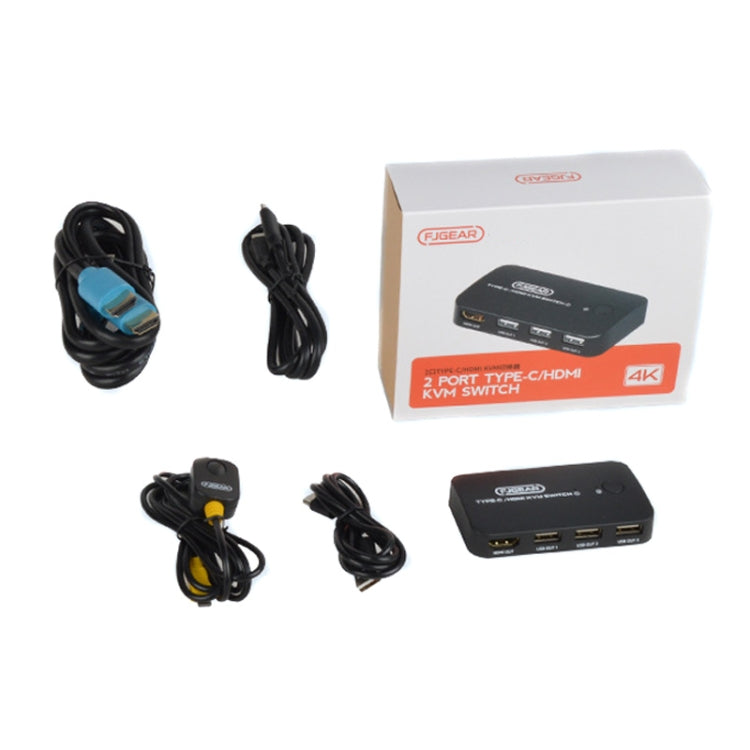 FJGEAR FJ-TYH201 Type-C / HDMI KVM Switch With Desktop Controller, FJ-TYH201
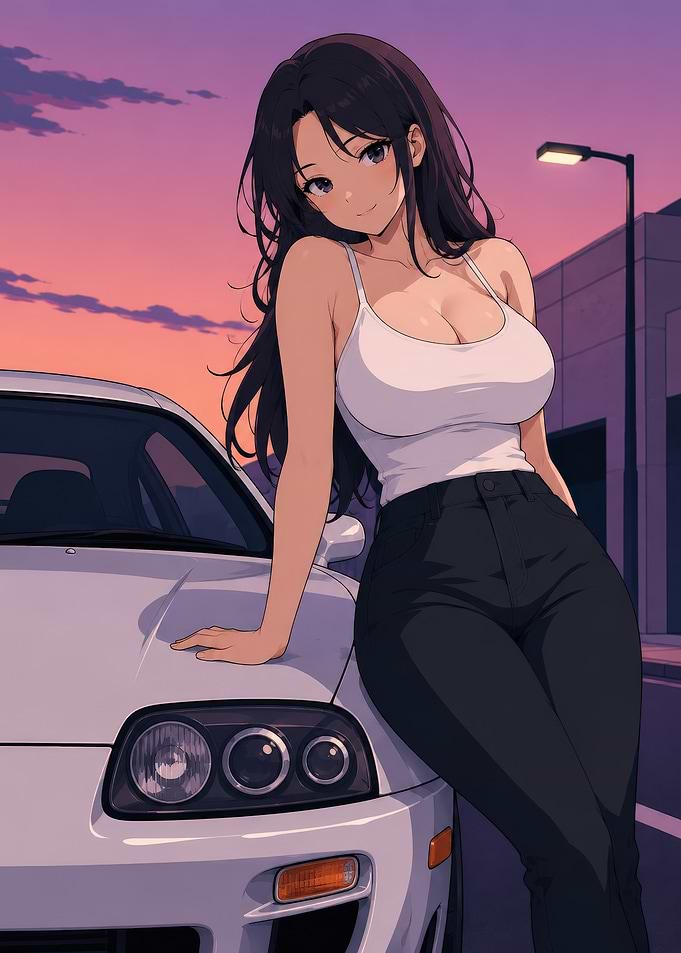 Anime Girl Posing with a Car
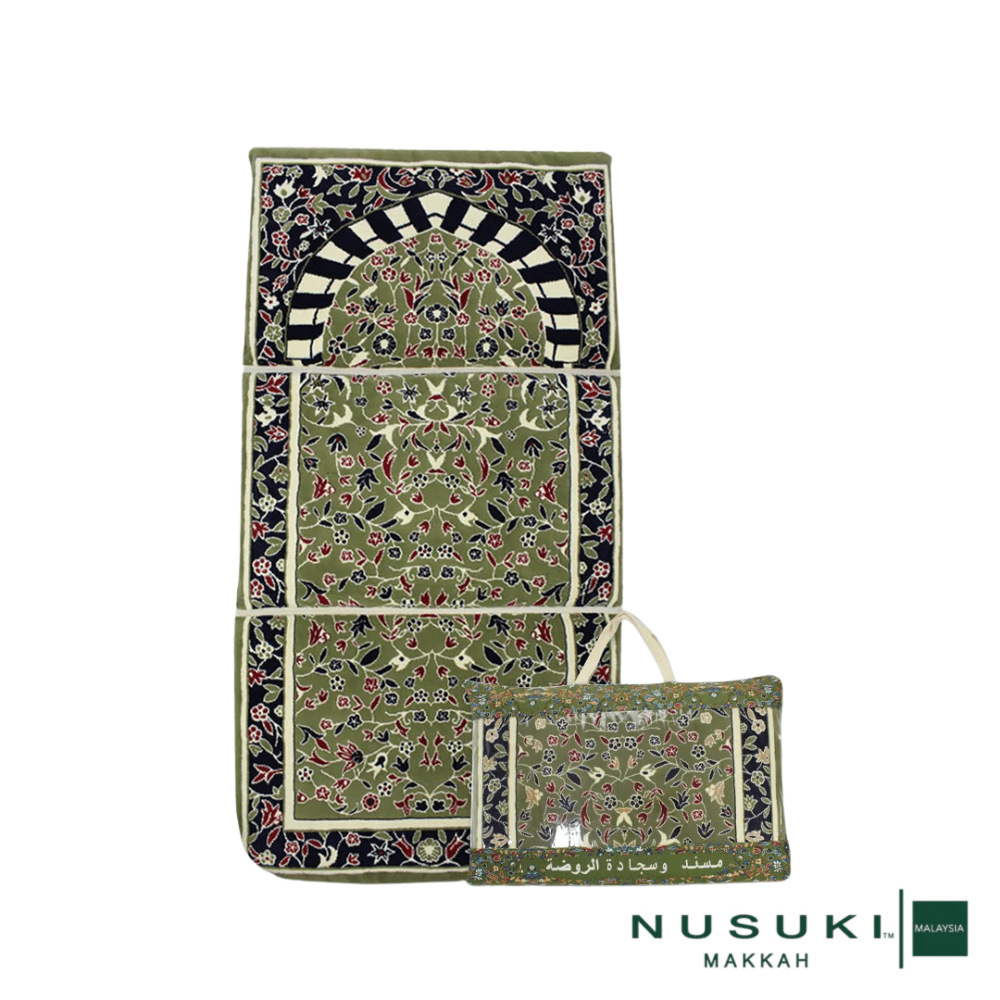 Foldable Prayer Mat Al Rawdha with Handbag - Backrest | Nusuki MY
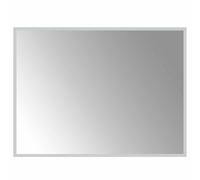vidaXL Espejo de baño LED transparente de 80 x 60 cm, cristal templado, moderno espejo de baño rectangular, montaje en pared, superficie reflectante de vidrio templado, decoración eficiente del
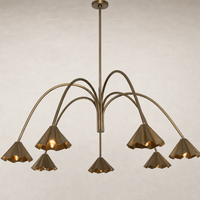 Aged antique brass iron chandelier with elegant flared shades and arching arms.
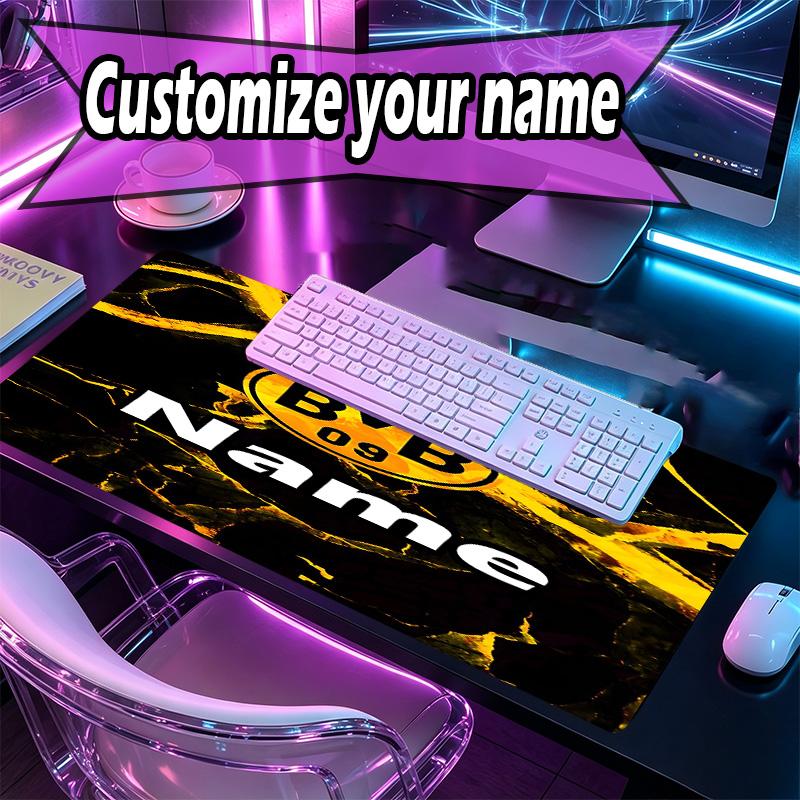 Custom Name Personalized Borussia Dortmund Pattern Mousepad, Laptop PC Desk Mat, Decorative Desk Mat for Home Keyboard Pad Gift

■ ■ ■ ■

Could you set down, exactly as written, every line from the one with "vidaXL Espejo de" to the end of the data, both ends included? Leave out the pictures.

Exercise result:
vidaXL Espejo de baño LED transparente de 80 x 60 cm, cristal templado, moderno espejo de baño rectangular, montaje en pared, superficie reflectante de vidrio templado, decoración eficiente del
 Aged antique brass iron chandelier with elegant flared shades and arching arms.
 Custom Name Personalized Borussia Dortmund Pattern Mousepad, Laptop PC Desk Mat, Decorative Desk Mat for Home Keyboard Pad Gift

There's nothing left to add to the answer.